::: Information provided :::

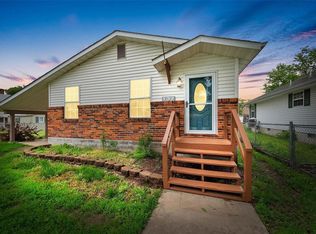 137 1st St, Old Monroe, MO 63369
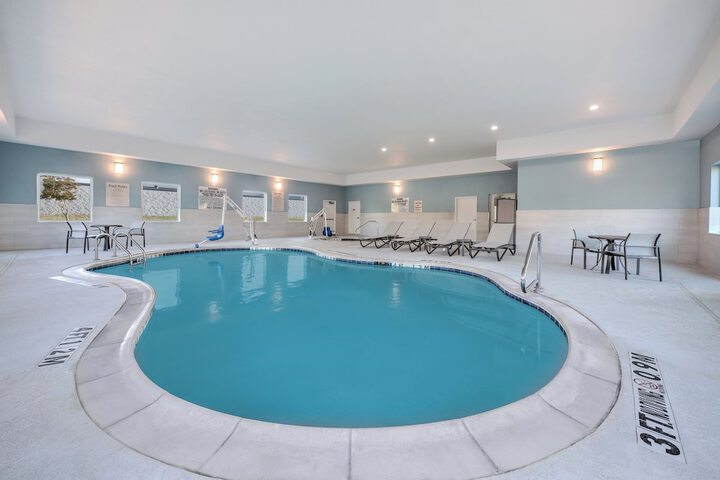 Pool 8 of 45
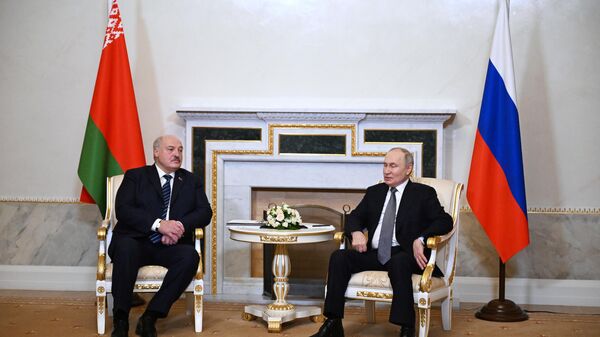  Vladimir Putin, Aleksandr Lukaşenko  - Sputnik Türkiye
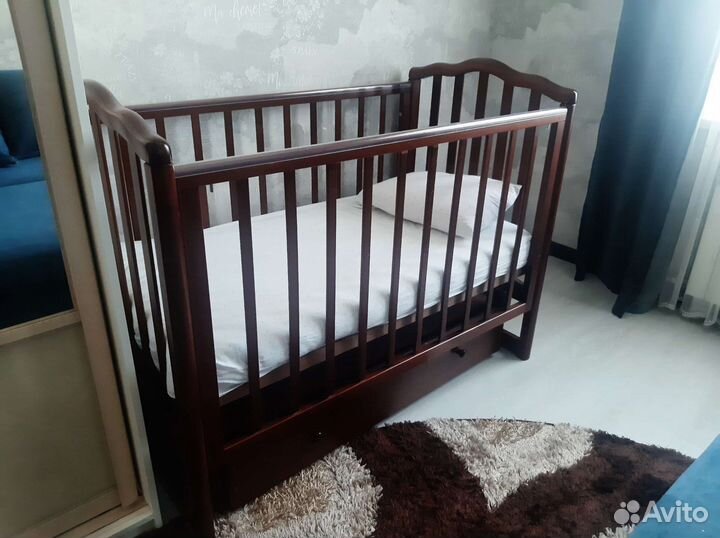 Детская кроватка с маятником и ящиком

:::

_Directions for this task_:
Leaving the pictures out, output all of the listing exactly.

_Exercise solution_:
 137 1st St, Old Monroe, MO 63369
 Pool 8 of 45
  Vladimir Putin, Aleksandr Lukaşenko  - Sputnik Türkiye
 Детская кроватка с маятником и ящиком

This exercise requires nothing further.